Dopo i primi due brani, tratti dall’Album “L’infinitamente piccolo”, dedicato alla vita di San Francesco, fra i quali il celebre Cantico delle creature “Laudato sii mio Signore”, Branduardi ha letto una poesia di William Butler Yeats, “Il violinista di Dooney”, un’autentica celebrazione della musica. Un omaggio alla musica è stato tutto il concerto, ove le ballate fiabesche che sembrano provenire da mondi lontani sono emerse in tutta la loro purezza, senza effetti speciali, con la magica interpretazione dei soli due musicisti. La musica ha il compito di farci entrare in quello che Branduardi ha definito un giardino incantato, la cui porta per adesso è chiusa (evidente riferimento alle guerre in corso). Il cantante ha però aperto la porta del suo giardino incantato, con una serie di brani, alcuni notissimi, altri meno, che hanno incantato il numerosissimo pubblico. Fra i brani più noti eseguiti ricordo “La luna”, “Sotto il tiglio”, l’indimenticabile “Il dono del cervo”, un canto sul sacrificio, sulla continuità fra la vita e la morte, sul come non vada sprecato nulla in natura.

“Rosa di Galilea”, un altro brano assai noto, è tratto da un vangelo apocrifo, e il ramo di ciliegio che si piega per offrire i suoi frutti alla vergine fanciulla incinta è una immagine poetica memorabile.

Non meno entusiasmo hanno suscitato i brani meno noti al pubblico, che Branduardi ha reso ancor più interessanti grazie alle sue spiegazioni del testo, come, ad es. “1° aprile 1965”, l’ultima lettera che Che Guevara scrisse al padre prima di morire (due anni dopo), una lettera piena di tenerezza e affetto, quale non ci si aspetterebbe da un duro guerrigliero; o “Lord Frankling”, una commovente ballata sulla infausta spedizione alla ricerca del passaggio a Nord Ovest, ove Frankling ed il suo equipaggio trovarono la morte.

Autentiche ovazioni del pubblico dopo un altro brano forse poco noto, ma bellissimo: “La giostra”, una malinconica e delicata canzone su tempo che passa.

“Confessioni di un malandrino”

Le emozioni più forti, ovviamente quando i due musicisti, entrambi alle chitarre, hanno dato inizio ai toccanti accordi di “Confessioni di un malandrino”, la canzone forse più attesa, che ha dato il nome allo spettacolo.

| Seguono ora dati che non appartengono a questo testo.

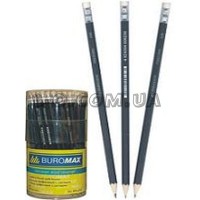 Карандаш BM8505 (HB) с белым ластиком BuroMax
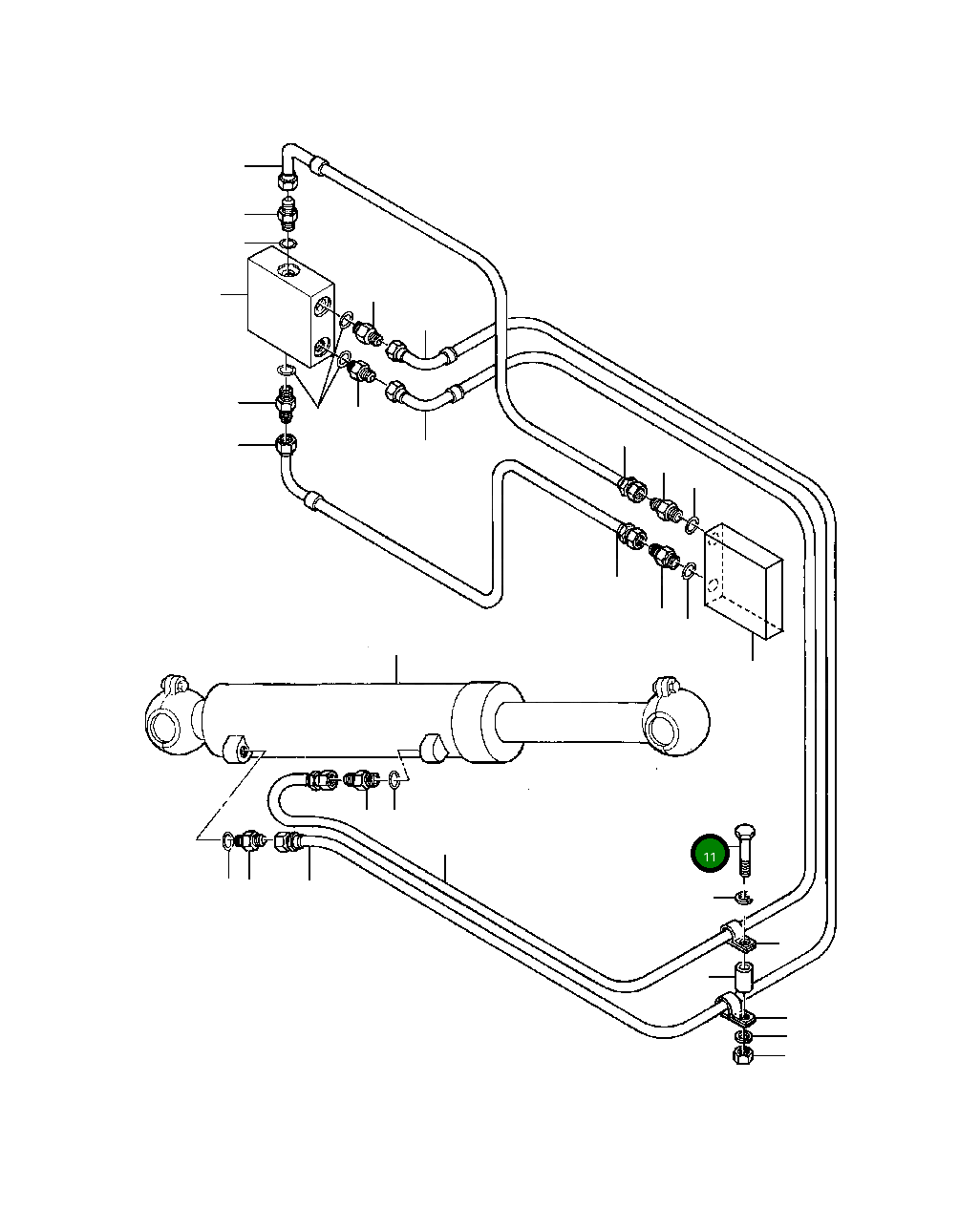 Болт 24 843 C1 Komatsu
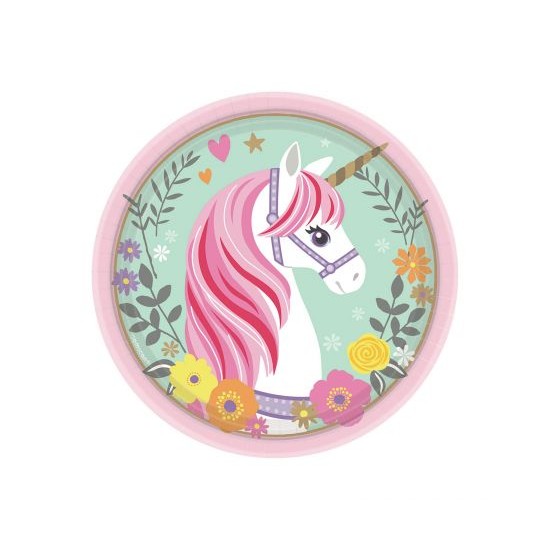 Πιάτα Μικρά Magical Unicorn /8 τεμ Πιάτα Μικρά Magical Unicorn /8 τεμ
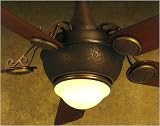 Casablanca 52 Ceiling Fan Monaco Oil-Rubbed Bronze with Cognac Leather #MONH-73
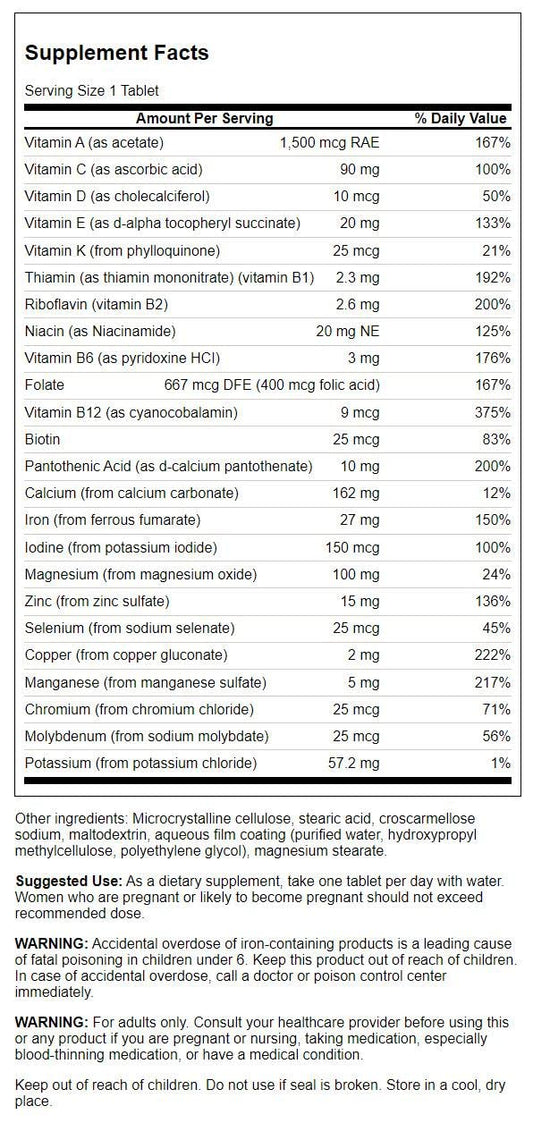 paquete doble Swanson Century Formula multivitamínico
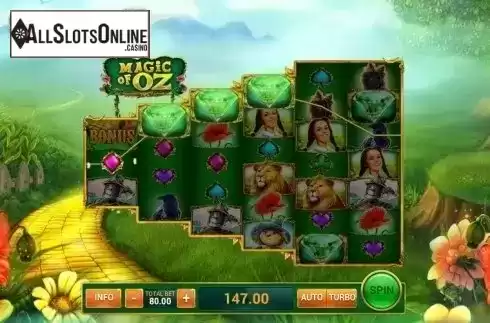 Win Screen . Magic of Oz (GamesOS) from GamesOS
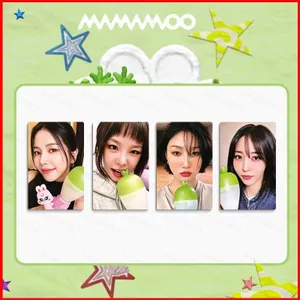 BH2 4 Cái / bộ MAMAMOO Năng Lượng Mặt Trời LOMO Thẻ Moon Byul Hwa Sa Bưu Thiếp Bộ Sưu Tập KPOP Ngôi Sao Ngoại Vi HB2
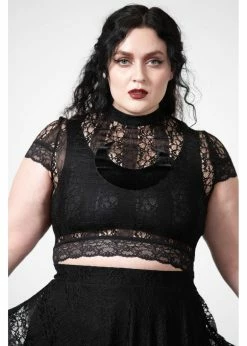 Killstar Moon Rays Lace Crop Top Black 5 Killstar Moon Rays Lace Crop Top Black -Hearts & Roses Sales killstar KSRA005164 moon rays crop top blk 2 1024x1024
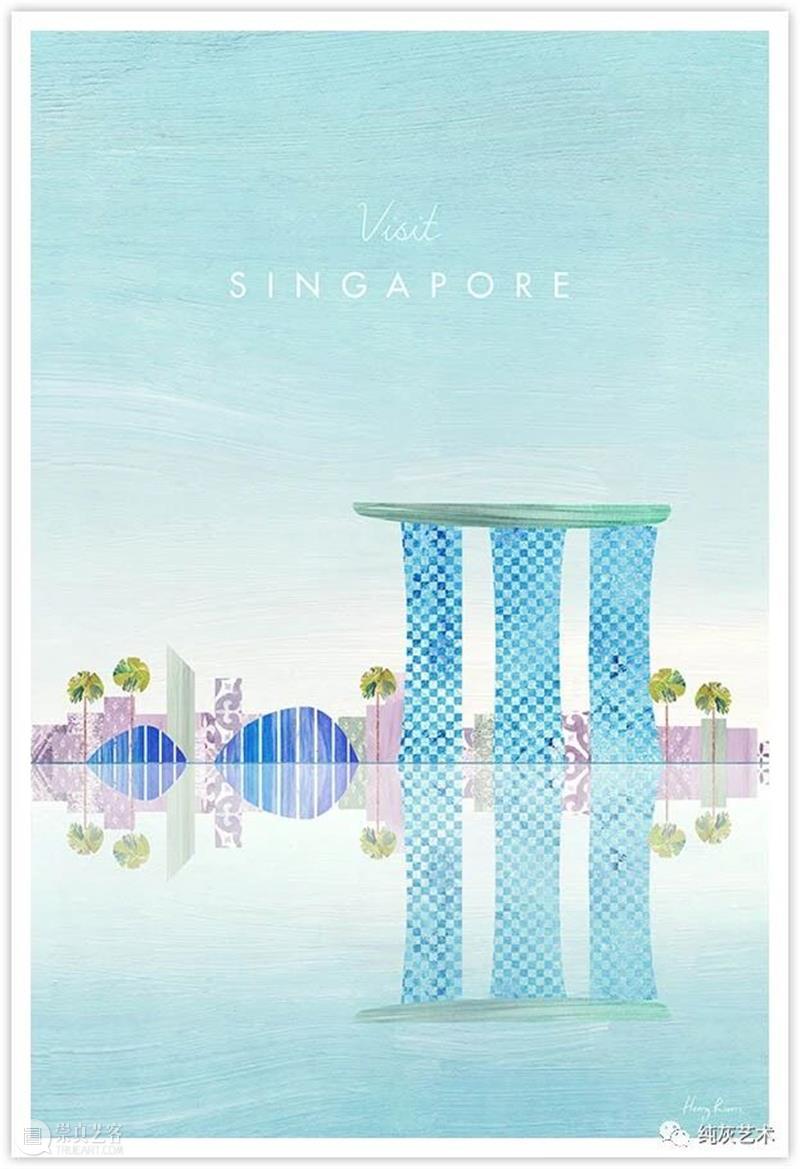 极简复古城市海报 海报 城市 极简 英国 插画家 Rivers 现代 世界上 地区 作品 崇真艺客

Tratto da una poesia del poeta russo Esenin, il brano, senza dubbio fra i più belli e noti del compositore, ha anche un evidente sapore autobiografico, e le immagini del caro amico vecchio cane, dell’albero dal quale da ragazzo rubava le uova, dei freschi crepuscoli d’aprile, del tappeto magnifico dei versi, e della enigmatica fine verso un paese senza nome, sono rimaste indelebilmente impresse nella memoria.

Angelo Branduardi ha concluso con due bis popolari, tratti dai primi Album, che lo hanno reso famoso.

“La fiera dell’Est” e “La pulce d’acqua”

“La fiera dell’Est”, che in realtà è una filastrocca Chad Gadya, che i bambini ebrei recitano in occasione della Pasqua ebraica per celebrare la liberazione dalla schiavitù egiziana del popolo ebraico. Il ritornello della celebre canzone è stato intonato dal pubblico, entrato davvero in sintonia con l’artista.

L’ultimo brano eseguito, “La pulce d’acqua”, anch’esso famosissimo, è tratto da una leggenda degli indiani d’America, e, pur nella sua magica leggerezza, contiene un forte messaggio ecologico, la punizione riservata all’uomo che non rispetta la natura.

Esecuzione entusiasmante, con la strepitosa performance di Branduardi al violino, che ha concluso un concerto indimenticabile.